Text of statute as originally enacted

= Vagrants Act 1706 =

Act of the Parliament of England

The Vagrants Act 1706 (6 Ann. c. 32) was an act of the Parliament of England that continued and amended the Vagrancy Act 1698 (11 Will. 3 c. 18).

== Provisions ==
Section 1 of the act continued the Vagrancy Act 1698 (11 Will. 3 c. 18), as amended and continued by the Continuance of Laws Act 1702 (1 Ann. St. 2. c. 13) and relating to vagrants, until the end of the next session of parliament after 7 years from the expiration of the act.

Section 2 of the act provided that Justices of Peace could assess towns, parishes, or places within their jurisdictions for reasonable sums of money to compensate constables and others for their time and expenses in dealing with vagrants, with these funds to be collected according to rules prescribed for county bridge repairs.

Section 3 of the act provided that when a county, riding, liberty, or division had two or more treasurers, they were obligated to obey orders made by Justices of Peace at their quarterly sessions regarding the disbursement of funds arising from vagrant conveyance, with charges to be levied according to customary rates of goal or bridge money.

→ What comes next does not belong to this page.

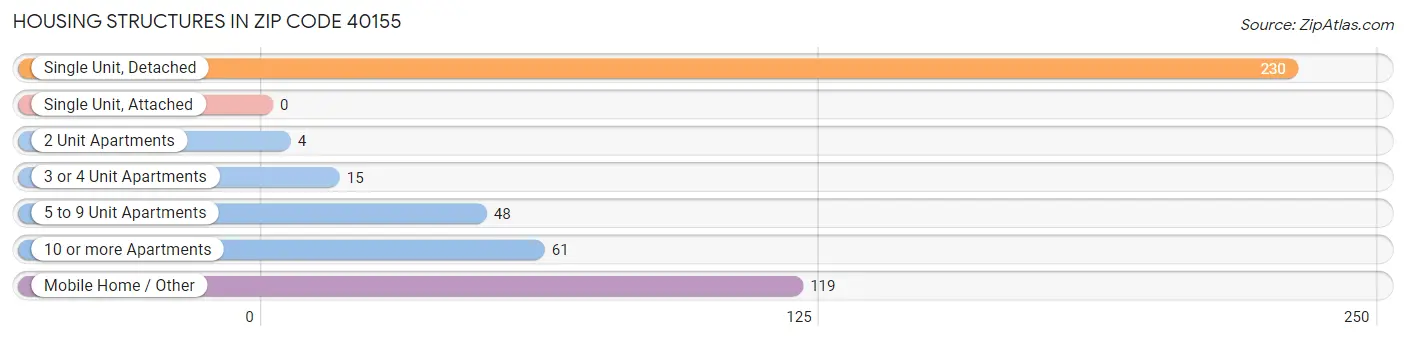 Housing Structures in Zip Code 40155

Section 4 of the act provided that any person aggrieved by demands for disbursements charged by constables, headboroughs, or tythingmen could appeal to the Justices at their next General Quarter Sessions, whose judgment would be final and binding on all parties.

Section 5 of the act provided that justices, chief magistrates, treasurers, constables and other officers in liberties and towns corporate shall certify and convey passengers, vagabonds, beggars and other idle persons, and raise money in these jurisdictions as if they were acting in counties at large.

== Subsequent developments ==
The whole act was repealed by section 1 of, and the schedule to, the Statute Law Revision Act 1867 (30 & 31 Vict. c. 59), which came into force on 15 July 1867.